Le désir : lorsque quelqu’un s’est investit dans le travail à s’en rendre malade, c’est qu’il a confondu le désir projet avec le projet. C’est primordial de voir ce qu’il se passe autour de ce collage au travail.

L’idéal : il va cadrer le désir et lui permettre de trouver sa place, d’avoir des perspectives importantes. Lorsqu’il ne peut pas être respecté (comme dans les cas de burn out), cela devient tragique, l’idéal devient persécuteur et la culpabilité nous écrase.

Soigner un sujet atteint de burn out

Dans l’action directe (avant la thérapie, de l’extérieur) :

Tout doit être mis en place pour casser l’investissement totalitaire du travail (c’est suicidaire humainement et psychologiquement). C’est « confortable » pour le sujet car il n’a qu’une visée : tout investir dans le travail, sur une seule chose. Il faut inciter le sujet à avoir un hobby, de reprendre une vie de famille, inviter des amis ou encore remettre l’importance de la vie sexuelle au sein du couple. Il faut que le sujet se restaure un réseau (remise en mouvement de l’intersubjectivité) : c’est fondamentale que cela reprenne.

L’action psychique :

Il s’agit de débuter dans un premier temps une psychothérapie en face à face (il faut qu’ils puissent vider leur trop pleins avant de faire une analyse s’ils le désirent). Il y a des entendu réel de sa vie qui sont indispensables.

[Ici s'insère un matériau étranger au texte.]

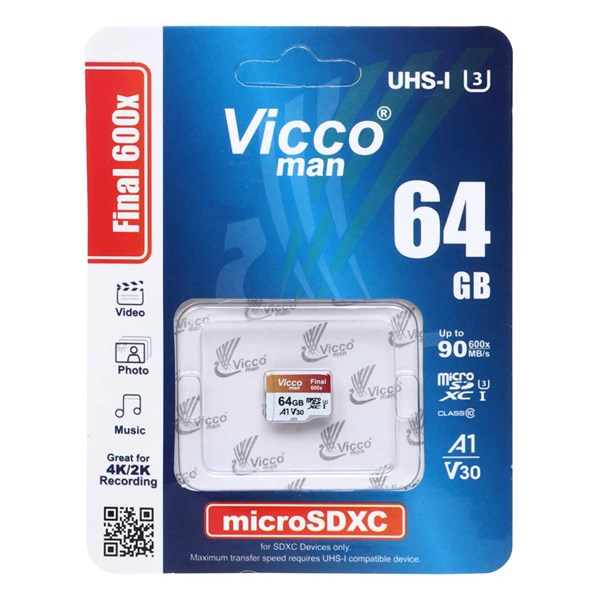Vicco man Final 600X microSDXC UHS-I U3 Class10-90MB/s - 64GB (گارانتی مادام‌العمر رایانه نوین سگال)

Il va falloir parler des idéaux et lui faire parler de ses idéaux, car le burn out est une attaque des soubassements éthiques de leur identité (liaison entre idéaux et identité).

Il s’agit d’aller interroger le désir et peu à peu travailler à dégager le désir de l’engagement professionnel avec lequel il a été confondu. Le désir projet ne doit pas être confondu avec l’engagement car c’est une façon de soumettre la vie psychique à une réalité matérielle. En effet, plus vous avez de possibilité moins vous êtes dépendants de la réalité qu’on vous impose.